__DATA__

============

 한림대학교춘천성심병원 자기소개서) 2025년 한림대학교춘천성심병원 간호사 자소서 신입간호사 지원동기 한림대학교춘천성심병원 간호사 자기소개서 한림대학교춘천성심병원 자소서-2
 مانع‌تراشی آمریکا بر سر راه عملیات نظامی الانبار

============

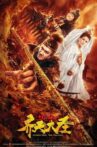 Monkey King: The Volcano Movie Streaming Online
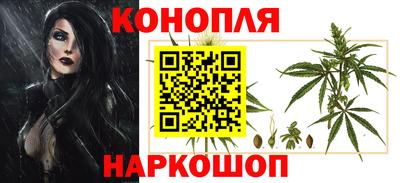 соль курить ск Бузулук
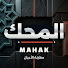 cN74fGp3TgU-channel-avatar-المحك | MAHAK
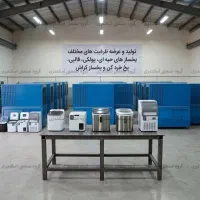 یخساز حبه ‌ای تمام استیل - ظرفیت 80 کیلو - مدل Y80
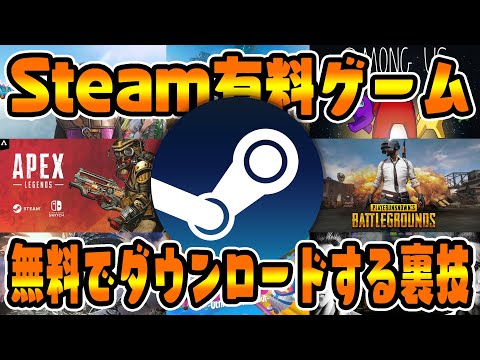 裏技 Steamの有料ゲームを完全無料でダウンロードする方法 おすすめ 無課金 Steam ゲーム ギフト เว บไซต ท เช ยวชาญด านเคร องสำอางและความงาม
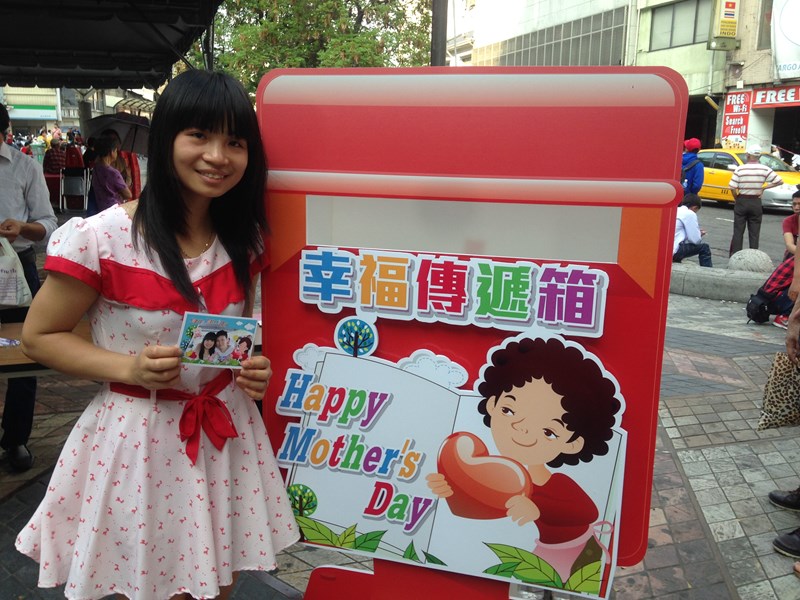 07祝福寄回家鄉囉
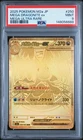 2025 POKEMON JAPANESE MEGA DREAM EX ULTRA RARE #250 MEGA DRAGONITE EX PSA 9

============

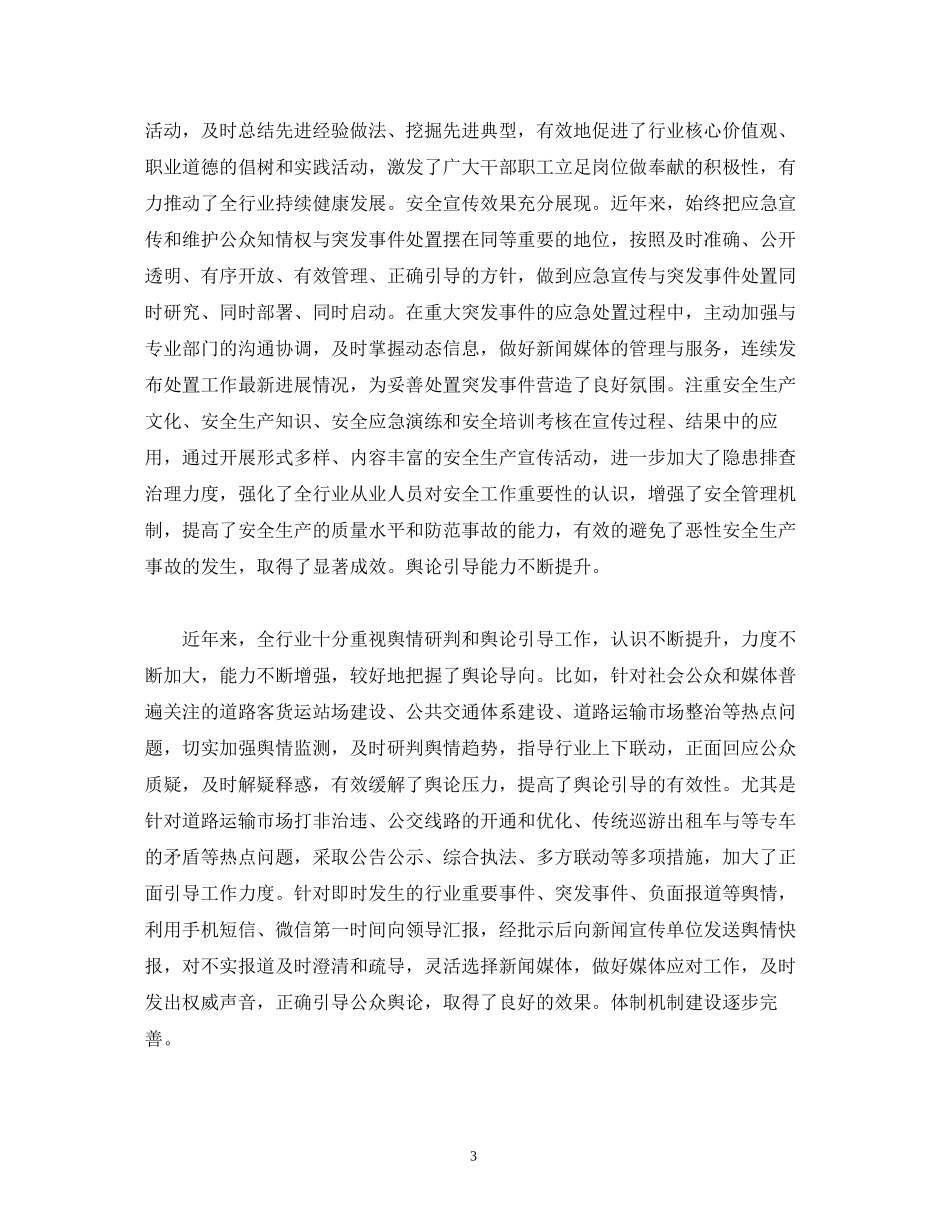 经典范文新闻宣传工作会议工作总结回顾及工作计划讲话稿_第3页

============

__ABOUT THIS EXERCISE__
In the entries above, find the line that contains "cN74fGp3TgU-channel-avatar-المحك | MAHAK" and the line that contains "2025 POKEMON JAPANESE". Reproduce exactly those two lines and every line between them, but not the pictures.

__REPLY__
 cN74fGp3TgU-channel-avatar-المحك | MAHAK
 یخساز حبه ‌ای تمام استیل - ظرفیت 80 کیلو - مدل Y80
 裏技 Steamの有料ゲームを完全無料でダウンロードする方法 おすすめ 無課金 Steam ゲーム ギフト เว บไซต ท เช ยวชาญด านเคร องสำอางและความงาม
 07祝福寄回家鄉囉
 2025 POKEMON JAPANESE MEGA DREAM EX ULTRA RARE #250 MEGA DRAGONITE EX PSA 9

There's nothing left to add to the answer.